Here is an example of a likely markup error, just noticed by accident.
Under pragATa
The markup is
<ls>RV. viii, 1, 2</ls>;
<ls n="RV. viii, 1,">10</ls>;
<ls n="RV. viii, 1,">48</ls>;
<ls n="RV. viii, 1,">51</ls>-
<ls n="RV. viii, 1,">54</ls>
The markup looks consistent with the printed text, but it can't be right, since there is no verse 48 (or 51 or 54) in hymn 'viii, 1'. Maybe the markup should be hymns 1, 2, 10, 48, 51, and 54 of mandala viii ?
<ls>RV. viii, 1</ls>, <ls n="RV. viii,">2</ls>;
<ls n="RV. viii,">10</ls>;
<ls n="RV. viii,">48</ls>;
<ls n="RV. viii,">51</ls>-
<ls n="RV. viii,">54</ls>
No doubt there are other similar problematic markups to identify and alter.
Other ls abbreviations in MW with link targets should be reviewed in a manner similar to the above review of RV link. Such as AV., P.,
I think the spacing issues should have been handled. The specific cases
RV. i, 37, i 2
was corrected to RV. i, 37, 12
(under 'cyu' mentioned here).The basicadjust.php component of the displays is now adjusted so that this 2-parameter reference generates a link to first verse of the hymn.
Hurray! A badly needed one around all the dictionaries and targets available.
Quite a few of such RV links to the Marcis's version (which is presently being used) would not be helpful, as those links do not give any clue about the meaning/intent in the MW.
All such should be linked to some other source, as I had proposed elsewhere recently.

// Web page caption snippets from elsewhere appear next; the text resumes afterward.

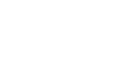 tieabow_white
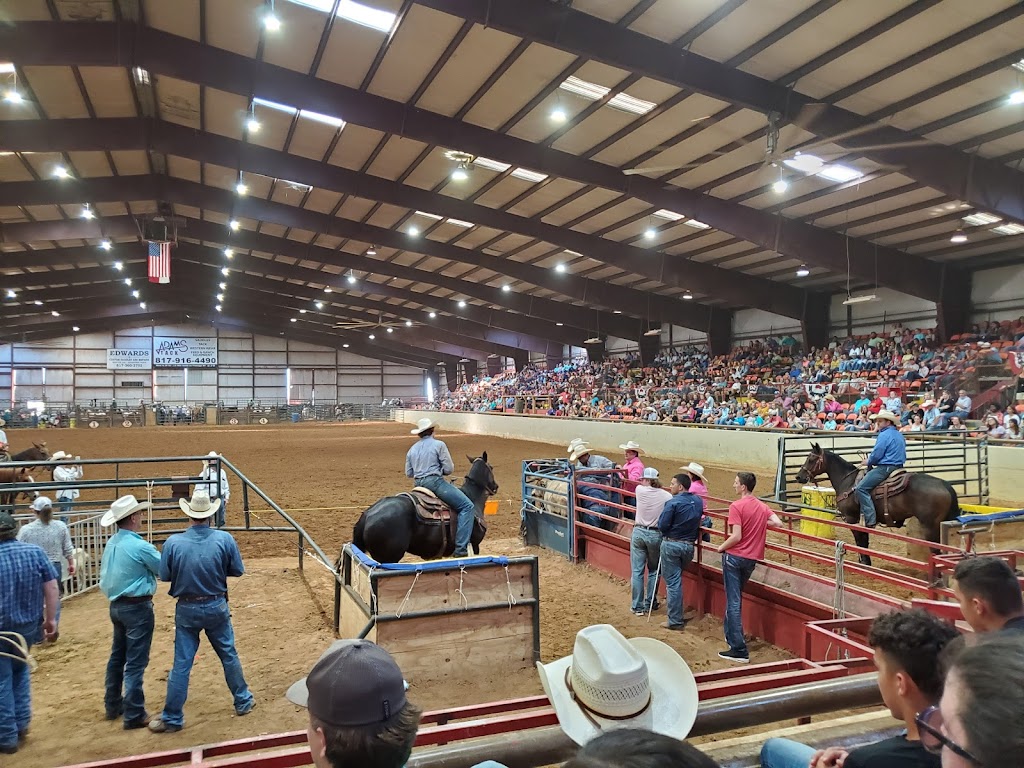 Shepherds Valley Cowboy Church and Arena Complex | 8901 US-67, Alvarado, TX 76009, USA | Phone: (817) 790-8898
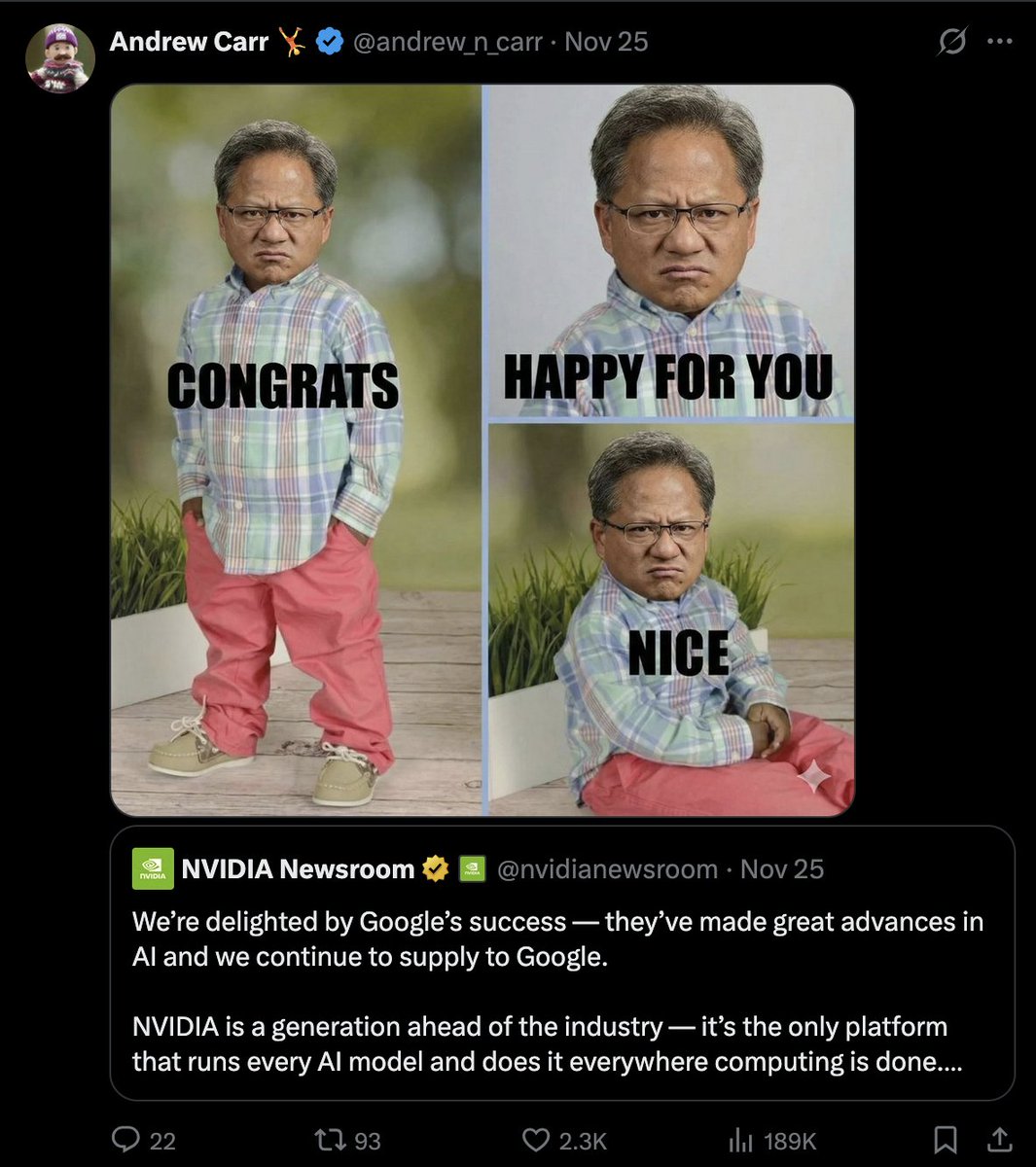 adonis_singh's tweet image. this is why i pay for an internet connection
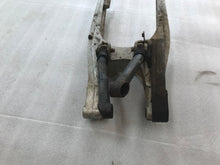 Load image into Gallery viewer, 1981 Kawasaki KDX420 Rear Swingarm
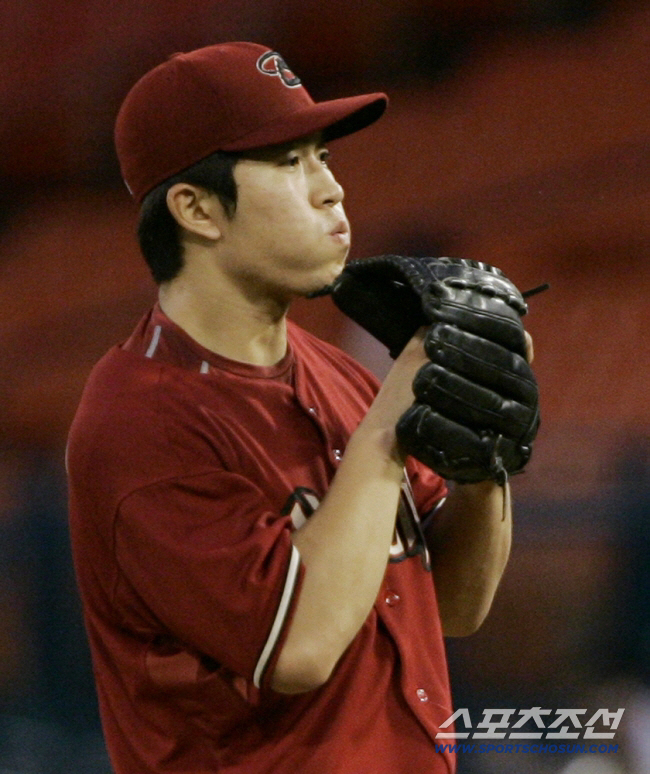 '1995년 버거킹의 충격' BK 소시지 장인 되다, 美도 깜짝 놀랐다…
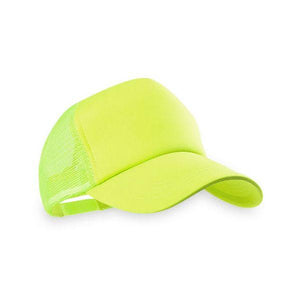 Berretto Unisex Trucker 144560 - New Shop Generation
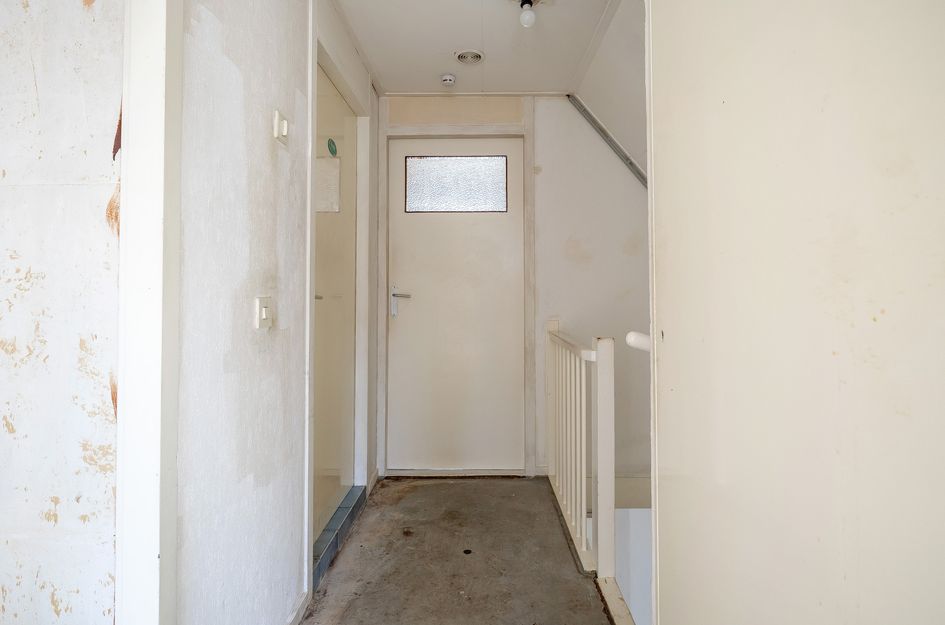 Kuiperstraat 13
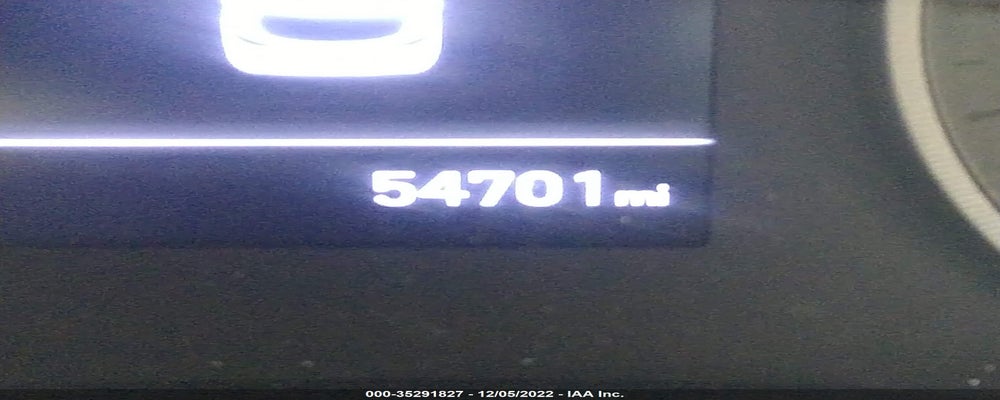 KM8J2CA49KU953444 2019 HYUNDAI TUCSON photo no. 7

All such should be linked to some other source, as I had proposed elsewhere recently.
Did not get why.
would not be helpful, as those links do not give any clue about the meaning/intent in the MW.
What do you mean?
@funderburkjim
See the entry "akratu", as an example-
The link is going to RV.x.8,3, which no way is connected to akratu word. The link should go to RV.x,83,5 instead; by removing the space between 8 and 3 in the mw.txt
Noticed ~100 such cases, that need correction in the digitisation.